Its the same army of the Gorbo years with a few new toys, and without effectual senior NCOs. The massive problems of rank abuse still run rampant. The hazing (what Putin set out to end) is worse than ever. Professional soldiers are still cast out as "mercenaries" by the commissioned officers. Equipment still suffers from neglect, lack of maintenance. Watching Russian forces maneuver is like watching Benny Hill with T-90s (Speaking of, a massive boondogle of 'Advanced systems' that completely fail to address the major short comings of the T-80/T-64. The armor is still butter soft to western APFSDS rounds, the ERA still blows off in entire panels when hit, the autoloader is comically slow, the svir missiles are less accurate than decades old saggers, and the non-missile ring type KEPs are so wobbly in flight that the commander is more likely to score a hit by throwing them at a tank than shooting them). No, I did not overstate anything. Russian military are a shadow of their Soviet forerunners. If you think they are of the same professionalism and EFS as comparable western and far eastern militarys then you are gravely mistaken
Technologically I agree they are light years behind the USA and it's western and Japanese and Korean allies. However we are talking about them vs Ukraine who are light years behind Russia. Russia has many problems in the army still abuse, low morale, corruption being high on the list however this fighting force even if it is degraded from prior soviet ones is much better the the Yeltsin years or the army who was defeated in Afghanistan.
Tactically yes. As did the US in Viet Nam. However the USSR failed to meet strategic goals. The war was lost. No matter how many battles were won.
What were these goals? If the goal was to leave a competent force in place after the limited contingent leaves - they certainly accomplished that. To fully pacify Afghanistan - sorry, no one has done it in 1000 years. And it is not pacified even today, despite an even longer participation of American forces. Let's not discuss whether USSR achieved strategic goals in Afghanistan without determining what they were. A major difference between US Vietnam effort and USSR's war in Afghanistan - USSR left the right people in charge when they left. US left as the South Vietnam was being overrun. The last US forces and diplomats were escaping literally from the roof of the US embassy in Saigon as it was being invested by the VietCong.

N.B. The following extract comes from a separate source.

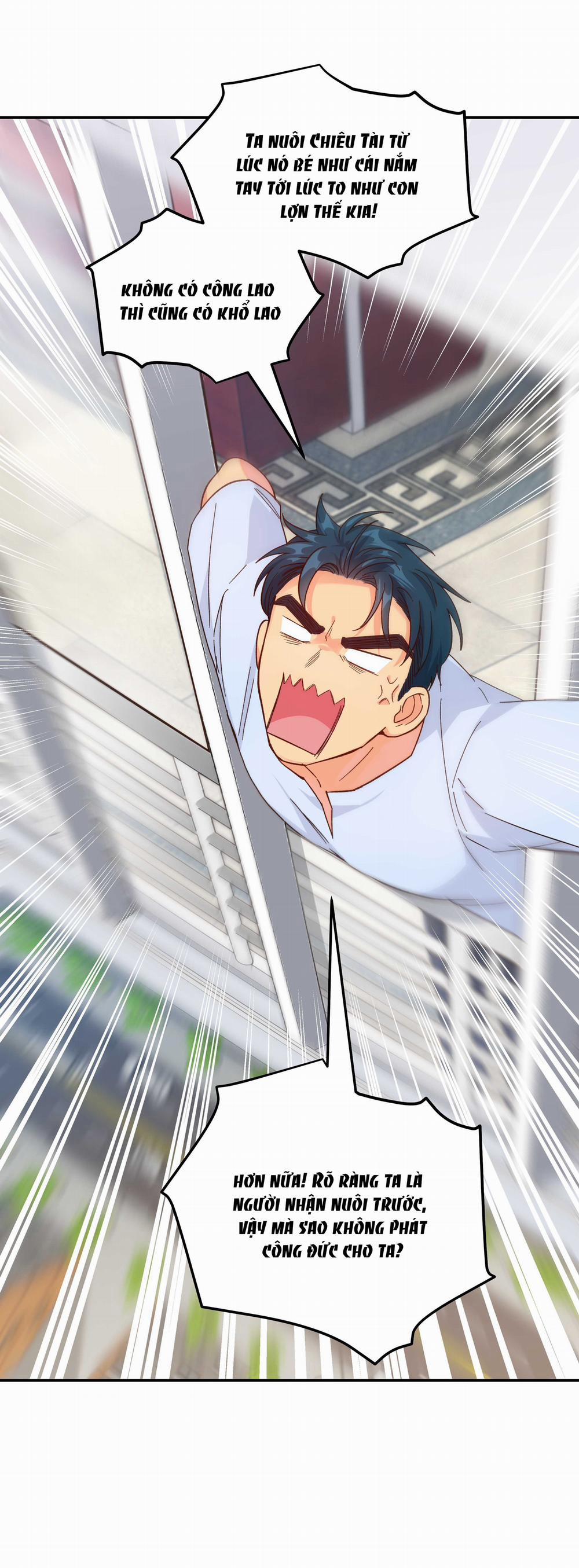 Quán Cơm Tỳ Hưu, Có Vào Không Có Ra 123 trang 14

To the shock of noone. http://www.nytimes.com/2014/04/21/w...ed-men-in-east-ukraine-to-russia.html?hp&_r=0
I get it believe me, but the U.S. forced N. Vietnam into a peace treaty and won the war. Long term the war achieved nothing but the U.S. did in fact meet its goal, no?
Stay strong my brother. http://mashable.com/2014/04/22/vice...Partial&utm_medium=feed&utm_source=feedburner
He'll keep this up until he has either decentralized Ukraine or put a pliable government in place. What exactly is the communist model? That's way, way, way overboard. The US current problem is one of plutocracy, which is entirely different from the Russian problem of the complete lack of social institutions. Besides, the "God's chosen people" crowd is in retreat - witness the Presidential results of the last decade.
You think Russia might really do this, or just gassing up the people in Crimea to keep them happy for now lol? https://news.vice.com/articles/crim...gas-of-russia?trk_source=homepage-in-the-news
He wants to turn Crimea into Russia's national resort, of course he'd be willing to do it. What other purpose does Crimea serve (yes, I know the naval stations - he already had them)?